Exercise | For this listing, reproduce the line with "CU 1407 - Kings", the line with "Gymojoy Outdoor Loveseat", and the lines between, exactly as they stand. Leave out pictures and all other lines.

Data for this task |
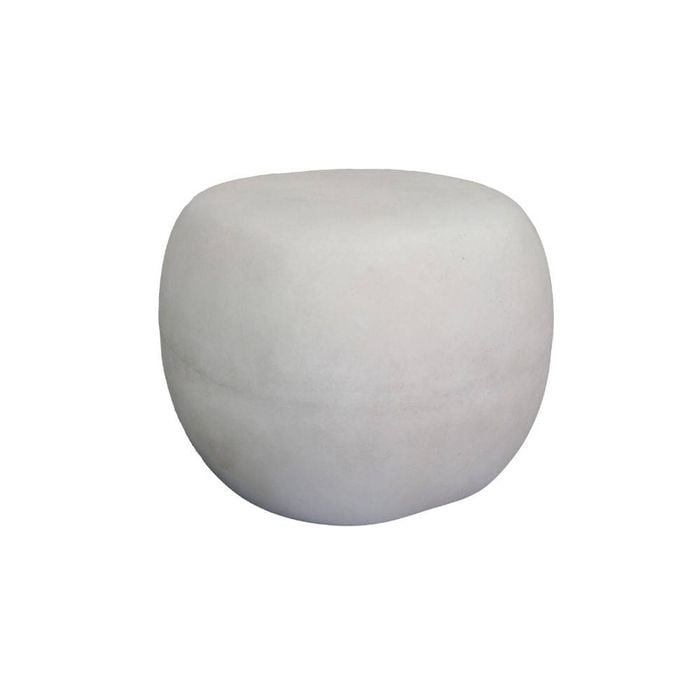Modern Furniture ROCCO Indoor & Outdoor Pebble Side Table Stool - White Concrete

==

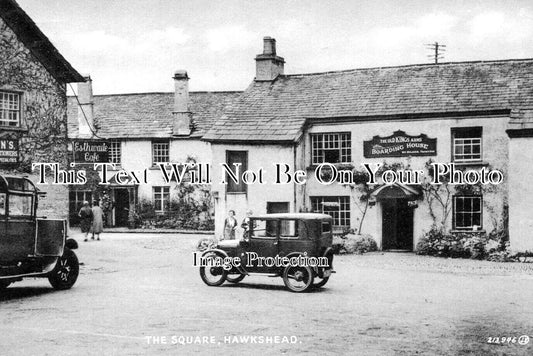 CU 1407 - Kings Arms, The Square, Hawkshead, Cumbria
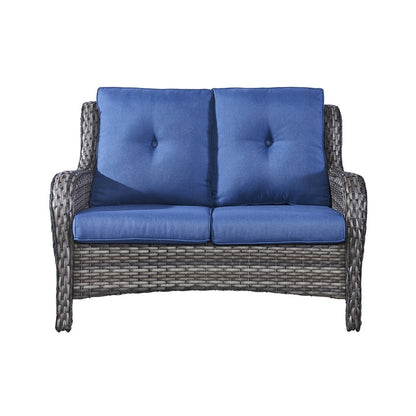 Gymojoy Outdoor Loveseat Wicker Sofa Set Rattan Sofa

Solved problem |
 CU 1407 - Kings Arms, The Square, Hawkshead, Cumbria
 Gymojoy Outdoor Loveseat Wicker Sofa Set Rattan Sofa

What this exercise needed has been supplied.